A short comment on the need for 3-band models

Prof. P A Lee, a protruding figure in condensed matter physics, in rally with P W Anderson, F C Zhang, X G Wen, N Nagaosa and et al, has done quite a lot to achieve a better and more satisfactory understanding of the fundamental aspects of cuprate superconductors. His opinion has been legibly given in a synopsis that was published two years ago [Rep.Prog.Phys., 71:012501(2008)]. This review serves as actually a concise version of an earlier one in 2006 [Rev. Mod.Phys., 78:17(2006)]. To be frank, it is always a great joy of reading his work. But I really cant agree on his stick to RVB picture, which in my eyes does not deserve such adherence. Put in other words, I would prefer a model that takes into account clearly the O2p orbital. In his review article, Lee has given his why such p-orbital need not be treated explicitly. He wrote, which I quote,

(d) Three band model. Since the copper–oxygen layer involves one copper and two oxygen per unit cell (excluding the apical oxygen), the minimal microscopic electronic model requires a dx2−y2 Cu orbital and two oxygen p orbitals. This is called the three band model [130, 131]. Various cluster calculations indicate that the low energy physics (below a scale of t ≈ 4 meV) can be adequately described by a one band Hubbard model [4]. Over the years this has become the majority view, but there are still workers who believe that the three band model is required for superconductivity. I think the original motivation for this view came from a period of nearly ten years when much of the community believed that the pairing symmetry is s-wave. It certainly is true that a repulsive Hubbard model cannot have an s-wave superconducting ground state. Three band models with further neighbour repulsion were introduced to generate the requisite effective attraction. The s-wave story was overturned once and for all by phase sensitive experiments in 1994 but some of the three band model proponents persevered. In particular, Varma introduced the idea of intra-cell orbital currents, i.e. a current pattern flowing between the Cu–O and O–O bonds as a model for the pseudogap [132]. This has the virtue of leaving the unit cell intact and this kind of order is very difficult to detect. With such a complicated model it is difficult to make a convincing case based on theory alone and a lot of attention has been focused on experimental detection of time-reversal symmetry breaking or spontaneous moments due to orbital currents. Unfortunately, the expected signals are very small and can easily be contaminated by a small amount of minority phase with AF order. Up to now there are no reliable results in support of this kind of orbital currents.

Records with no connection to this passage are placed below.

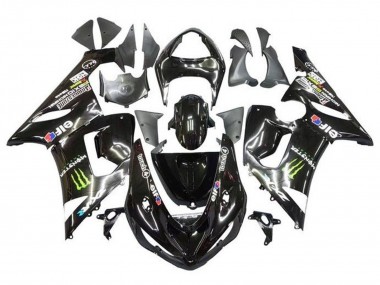 Erschwingliche Kawasaki ZX6R Motorrad Verkleidung 2005-2006 - Glanzendes Schwarz Gelb Monster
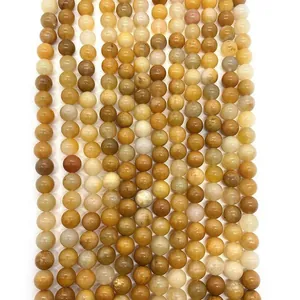 Naturstein Gelber Topas Runde Lose Perlen 6mm 8mm 10mm Polierte Edelstein Abstandsperlen Für DIY Schmuckherstellung Halskette Armband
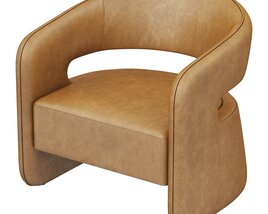 Restoration Hardware Gia Open-Back Leather Chair 3D 모델 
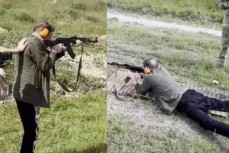 Григорий Лепс на Донбассе учился стрелять 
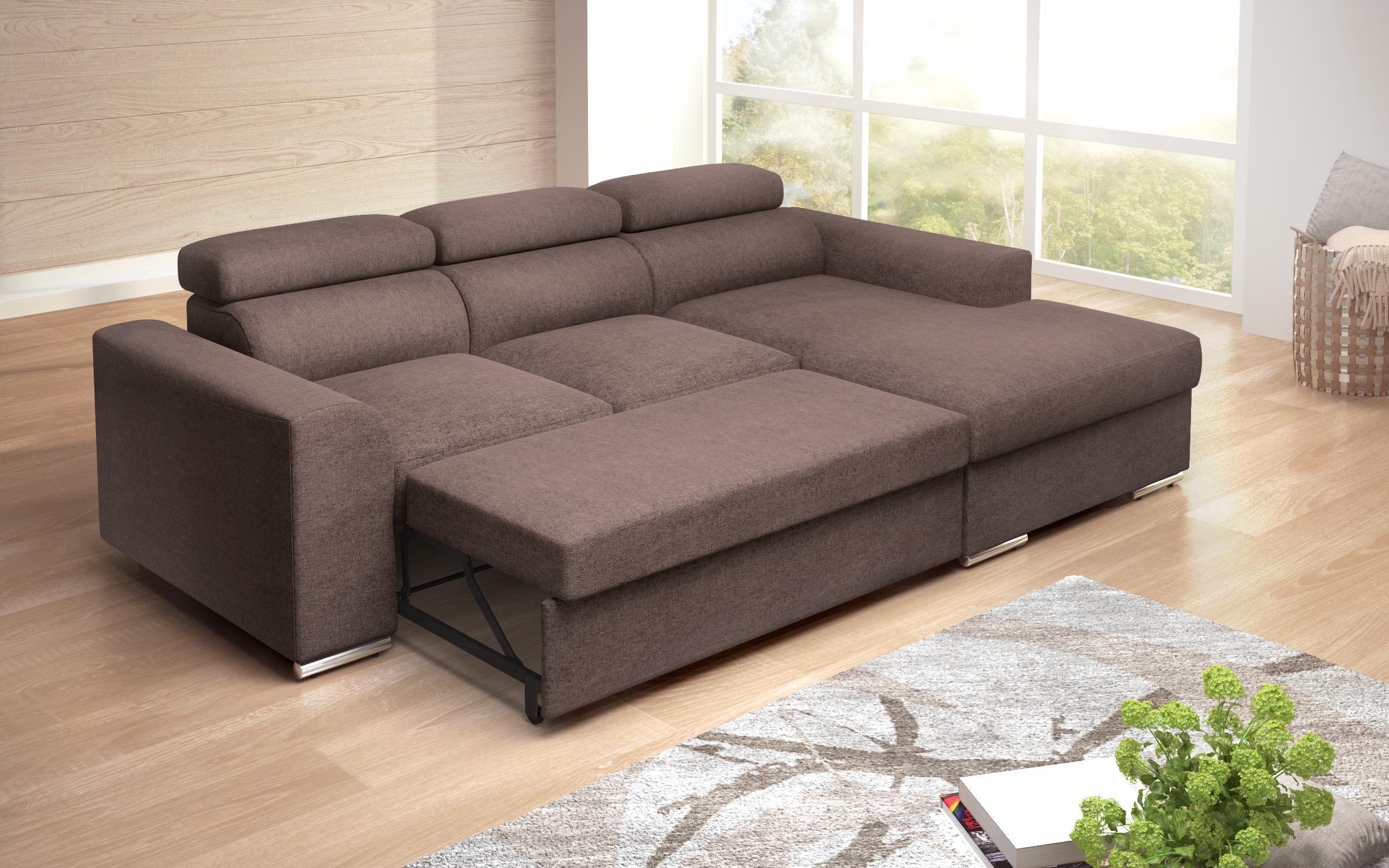 Extendable corner sofa Morgan, brown  12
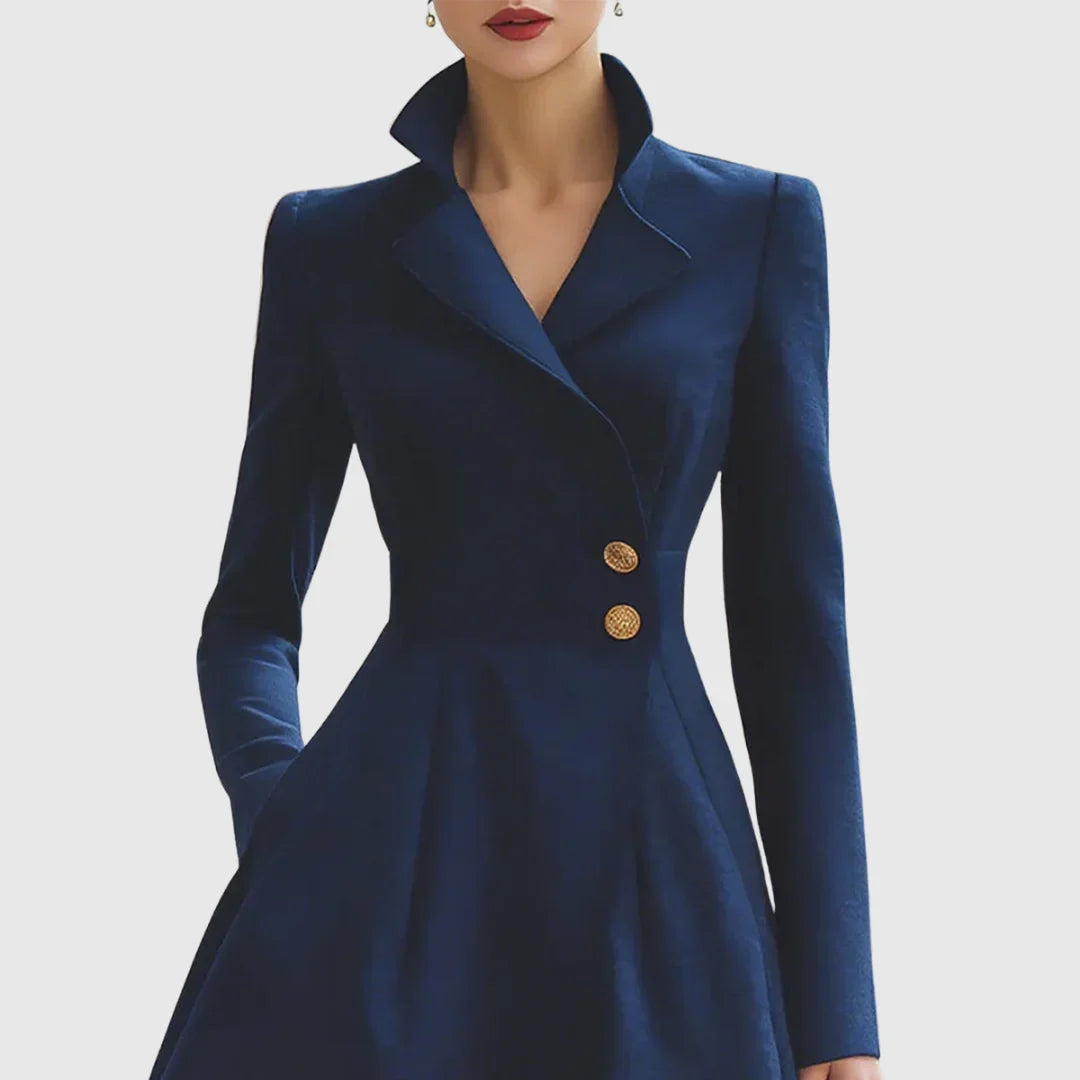 Elegant navy trench coat midi dress, women's versatile fashion, V-neck & gold buttons for a professional look.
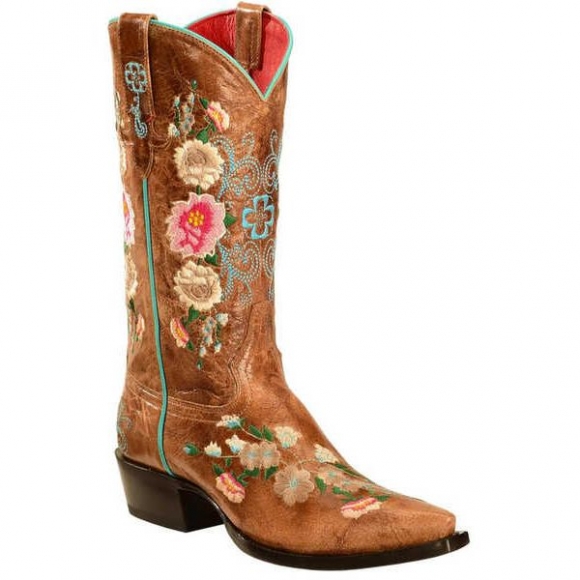 FREE DELIVERY MACIE BEAN WOMEN'S ROSE GARDEN WESTERN BOOTS - SNIP TOE - HONEY
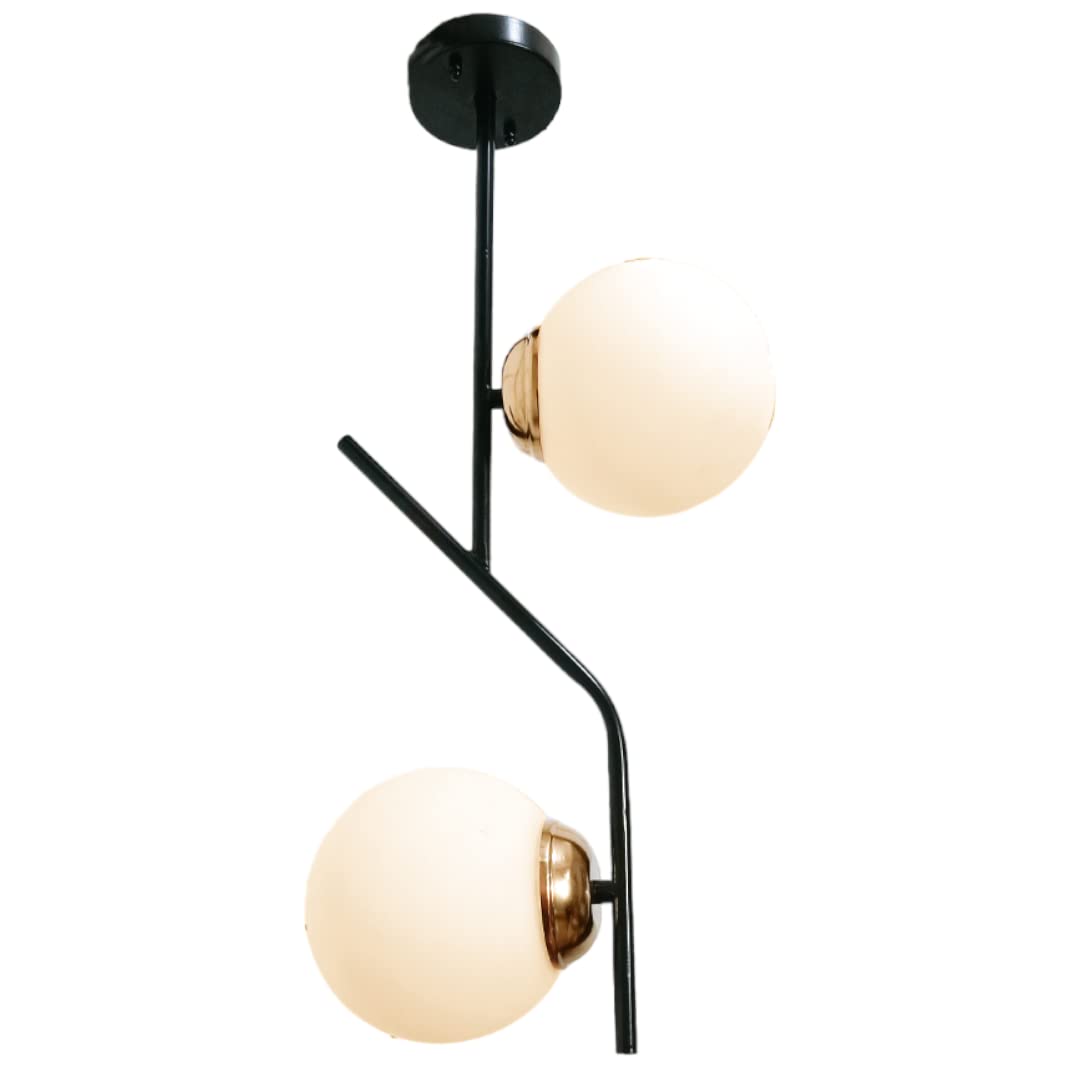 MuswannaA Joky Lights Steel Pendant With 2 Glass Ball• Stylish design suitable for contemporary interiors - Safqqa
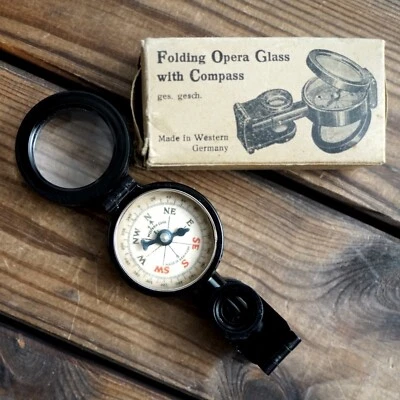 Altes klappbares Opernglas Fernglas mit Kompass und Spiegel Western Zone Germany - Bild 1 von 4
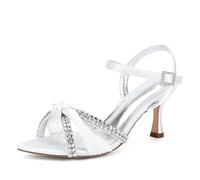 ZZQCCHL Sandales de Mariage en Satin pour Femmes avec Strass Scintillants Peep Toe Strappy Party Chaussures de mariée,Ivoire,39 EU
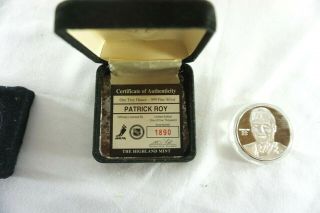 Patrick Roy Silver Coin Medallion Highland NHL 1 oz.  999 Rare w patrik 2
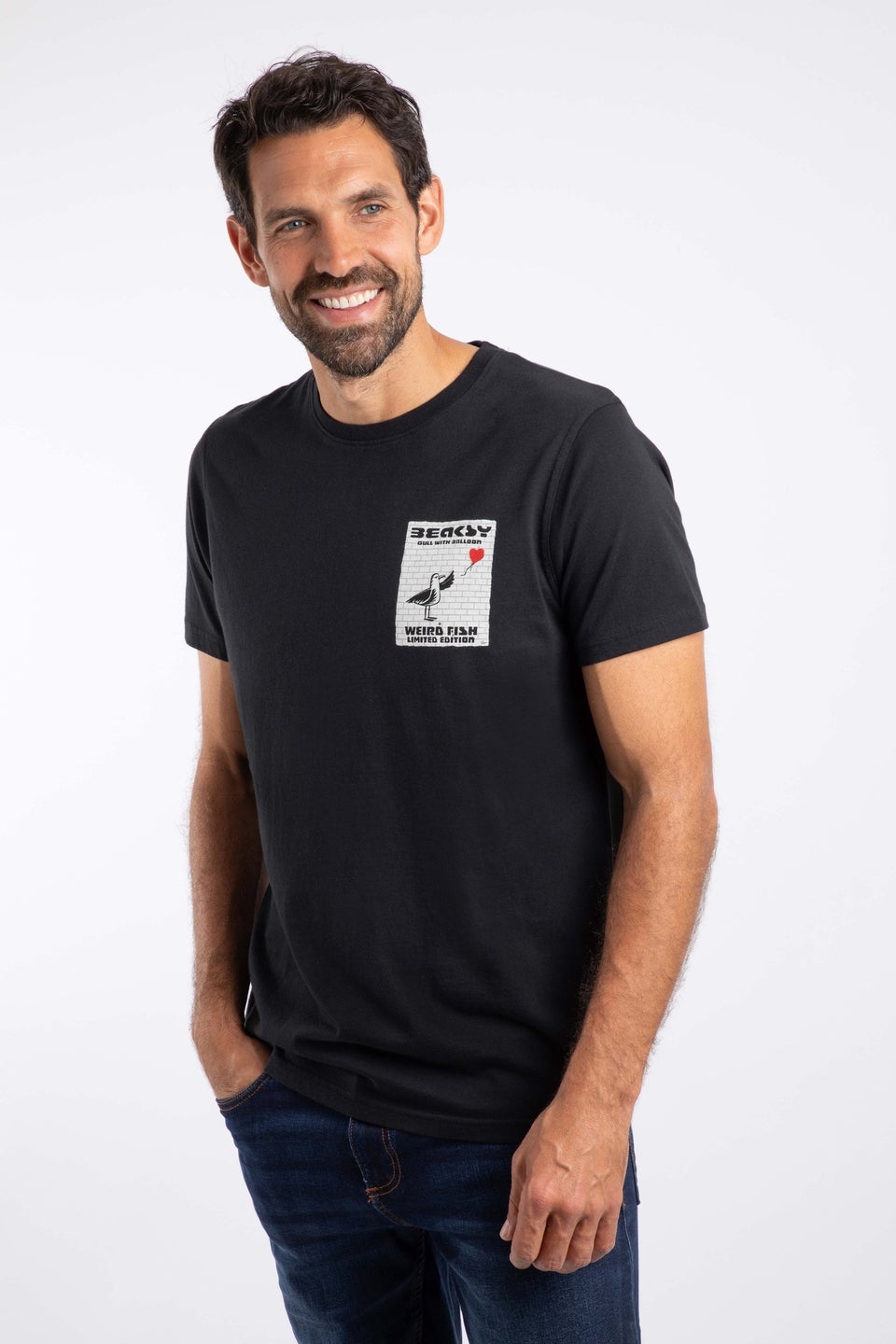 Weird Fish Black Beaksy Back Print Artist T-Shirt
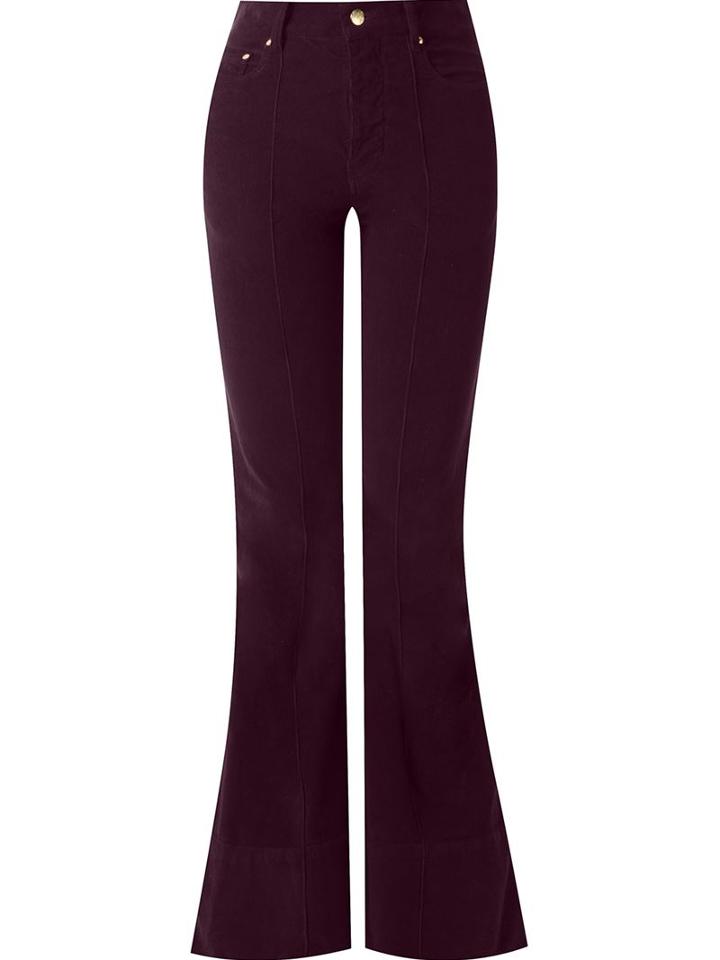 Amapô Velvet Flared Trousers, Women's, Size: 38, Pink/purple, Cotton/spandex/elastane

I don't quite consent with him on these remarks. For me, what urges people to take into account the O orbital is the qualitative differences between p-type cuprates and n-type cuprates. Were t-J model adequate for both types, such differences could hardly be justified. Especially the formation spin glass in the underdoped regime, in my opinion, can hardly reach compromise with t-J model. Spin glass shows up only in p-type materials. Recent experiments even more clearly showed the importance of O orbital. More detailed reasoning can be found in this work [J. Phys.: Condens. Matter 21 (2009) 075702].